No caso do voo da TAP, foi para mudar um voo com mais de 200 passageiros, neste caso, para solicitar a intervenção do governo no caso das gémeas. No caso da TAP, o secretário de estado, Hugo Mendes, reagiu pedindo à CEO da companhia para aceder ao pedido para não “perder o apoio político” do presidente, como ficou confirmado em e-mails vindos a público.
Neste caso, o secretário de estado da Saúde também terá acedido ao pedido do filho do presidente, que foi encaminhado ao governo. Isto para já não falar de outras coisas, a que já vamos ficando habituados.
Coisas, como ter dito que estava a ser confrontado com a situação pela primeira vez a quatro de novembro, quando como relata a Sandra Felgueiras, já tinha sido entrevistado anteriormente e falado pela primeira vez com a sua equipa da jornalista 11 dias antes.
Coisas como, ter feito um ar estupefacto quando foi questionado publicamente sobre a situação, quando já sabia de antemão a pergunta que lhe iria ser feita.
Coisas, como apenas ter recuperado a memória que, afinal, sempre comunicou com o filho sobre o assunto e teve intervenção no caso, quando soube que estava em curso uma investigação judicial. Investigação essa que vai recolher toda a informação sobre as intervenções do presidente no caso. Uma coincidência certamente.
Coisas como ter reencaminhado igualmente uma carta do seu filho pela mão do chefe da casa civil, que descreve o medicamento como a “única esperança de cura”. O que, a julgar pelos relatórios médicos, é totalmente falso.
Mas também o secretário de estado, Lacerda Sales, o mesmo que se emocionou por zero mortes covid, ignorando que na altura o excesso de mortalidade batia recordes no país e que os hospitais estavam com serviços mínimos, parece sofrer de graves transtornos de memória.
Quando confrontado, afirmou peremptoriamente que “nenhum secretário de estado tem poder para marcar consultas, como é óbvio”. Mas, afinal, parece terá sido mesmo ele a marcar a consulta, que, ao que parece, nunca deveria ter acontecido. Confrontado com os factos, o “óbvio” deixou de o ser e afirma agora ter de ir analisar o caso.
Infelizmente, este caso não será assim tão raro. O que é raro são o conjunto de circunstâncias que o levaram a ser público, a serem divulgadas provas e a ser investigado.
A reação dos intervenientes, com os habituais esquecimentos e lapsos de memórias, indicia que esperavam que, como em muitos outras situações, o caso se desvanecesse.
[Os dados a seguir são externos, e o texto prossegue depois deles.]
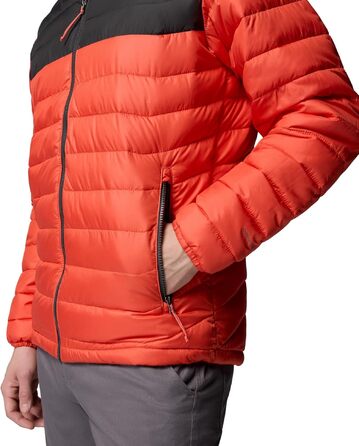 Чоловіча куртка з капюшоном Columbia Powder Lite (Zing, Shark, L)
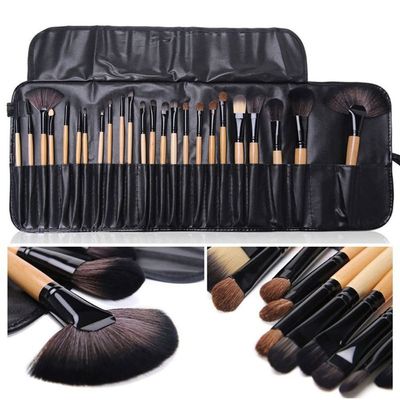 IOCCIOBB 24 pcs Makeup Brush Sets Professional Cosmetics Brushes Eyebrow Powder Foundation Shadows Make Up Tools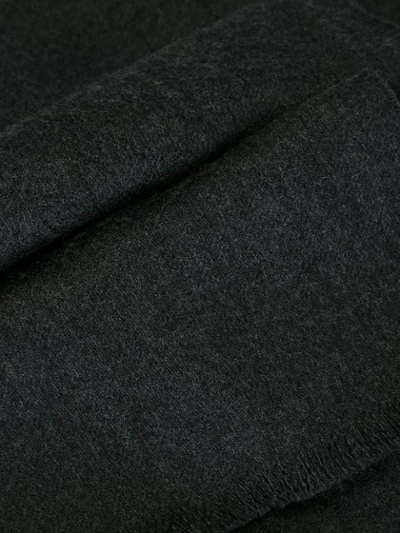 Shop Gucci Classic Knit Scarf In Grey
Tal como a dos nossos governantes, a memória coletiva é curta e facilmente manobrável.
Acontece que, por indignação de uns e coragem de outros, como o diretor do Santa Maria, que denunciou a situação, ou da Sandra Felgueiras, que a investigou, o caso prossegue.
A displicência e a ligeireza como estas coisas acontecem em Portugal fazem com que a cada pedra que se levanta saía uma nova revelação comprometedora. O cenário pré-eleitoral também poderá ter contribuído para que diferentes interesses entrassem em ação e dificultassem a ocultação dos factos.
Não sendo porventura o caso mais grave dos últimos anos, e apesar das tentativas de ilibar preventivamente o presidente de qualquer falha ética, será eventualmente aquele com mais pernas para andar e mais difícil de travar.
Terão ainda as entidades judiciais, a independência e os meios suficientes para apurar responsabilidades e penalizar os responsáveis, sejam eles quem forem?